São mudanças, que, segundo disse, refletem-se “diretamente nos manuais escolares”, mas entendeu que há outras fontes, outros estudos e outras dinâmicas sociogeopolíticas que condicionam ou que determinam essas alterações a nível dos manuais escolares no país.
O historiador deu como exemplo a questão dos curriculos e dos conteúdos, recordando que, quando estudou na escola primária e secundária, nunca ouviu falar dos impérios africanos e das grandes questões da história do continente.
“Hoje, já há, cada vez mais, esse interesse na introdução de temas africanos nos manuais. Não o suficiente, ainda. Temos ainda um percurso a fazer”, considerou, avisando que não defende manuais escolares centrados apenas na questão africana.
“Temos de ter uma visão mais cosmopolita, mas África tem de estar presente. Eu acho que esta consciência tende a crescer a nível do continente”, completou Jairzinho Pereira, coordenador científico da conferência, evento com o objetivo de perceber os desenvolvimentos nas abordagens histórica e ideológica sobre a escravatura e a raça entre os séculos XV e XX.
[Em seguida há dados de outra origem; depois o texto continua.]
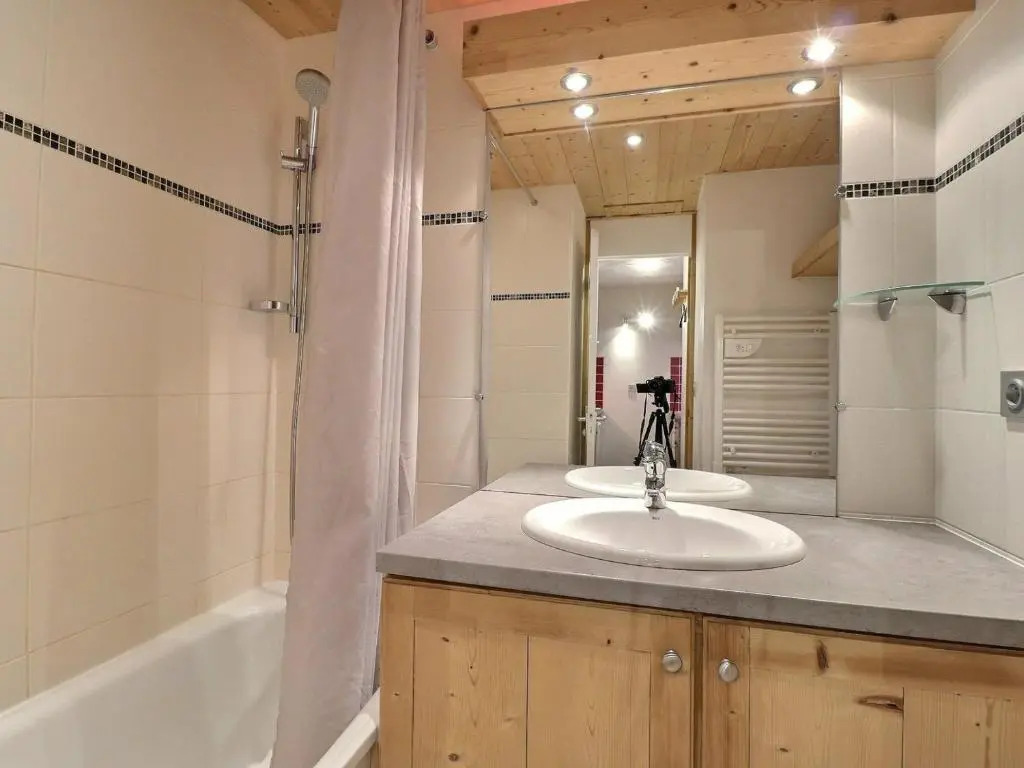 Appartement Méribel, 1 pièce, 4 personnes - FR-1-182-194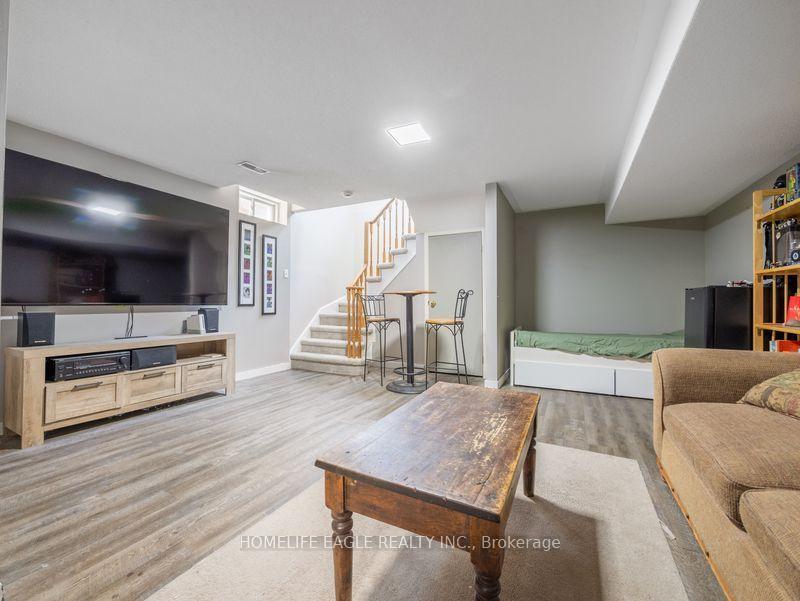 Photo 23 of 479 Heddle Crescent, Newmarket, Stonehaven-Wyndham — HOMEH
O evento conta com cerca de 30 conferencistas e académicos de várias áreas científicas e domínios de estudo, como história, direito, arqueologia, antropologia, sociologia e filosofia.
A ideia, prosseguiu o coordenador científico, é dar uma “dimensão mais holística” e “perceber muitas questões contemporâneas à luz do desenvolvimento de fenómenos, de processos e de eventos históricos”.
A conferência é organizada pelo Instituto da Biblioteca Nacional de Cabo Verde, pela Universidade de Santiago, pelo Centro de História da Sociedade e da Cultura da Universidade de Coimbra, pelo Instituto de Estudos Filosóficos da Universidade de Coimbra, pela Universidade de Cabo Verde e pela Escola Universitária Católica de Cabo Verde.
Na abertura, a historiadora cabo-verdiana Matilde Mendonça dos Santos foi oficialmente admitida como académica correspondente da Academia Portuguesa da História, na qual, há um ano, Jairzinho Pereira se tornou no primeiro cabo-verdiano a ser admitido.